River Managers Agree to Begin Spill on Lower Columbia Damsby Mike O'Bryant
Columbia Basin Bulletin - April 11, 2003
With a rising water supply forecast and juvenile fish already showing up at dams, the decision this week by the Technical Management Team to begin spill at four dams in the Lower Columbia River was made without challenge.
Federal, state and tribal fisheries managers proposed to federal operating agencies to begin spill at McNary, John Day, The Dalles and Bonneville dams and to start the spill Monday, April 14.
In its final April water supply forecast, released April 8, the Northwest River Forecast Center predicted an available water supply January through July at The Dalles Dam of 85.3 million acre feet of water or about 79 percent of normal.
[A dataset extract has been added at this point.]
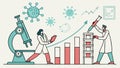 Scientists analyzing virus data, medical research, lab analysis, science study vector design Generative AI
That is an increase over the April early bird forecast, released March 27, which was 82.3 maf.
"Our principle concern right now is with the fish coming out of the John Day and Umatilla rivers that already are in the lower stretch of the Columbia," said Dave Wills, U.S. Fish and Wildlife Service.
He said that because the fish were already present in much of the lower river, that fisheries managers were recommending beginning spill at the four dams all at once, rather than sequence spill at the dams every two days as TMT did at lower Snake River dams just last week. The decision last week to spill at the Snake River dams was much more contentious because the water supply forecast and corresponding expected seasonal flow were just under the NOAA Fisheries biological opinion criteria that would automatically kick-in spill.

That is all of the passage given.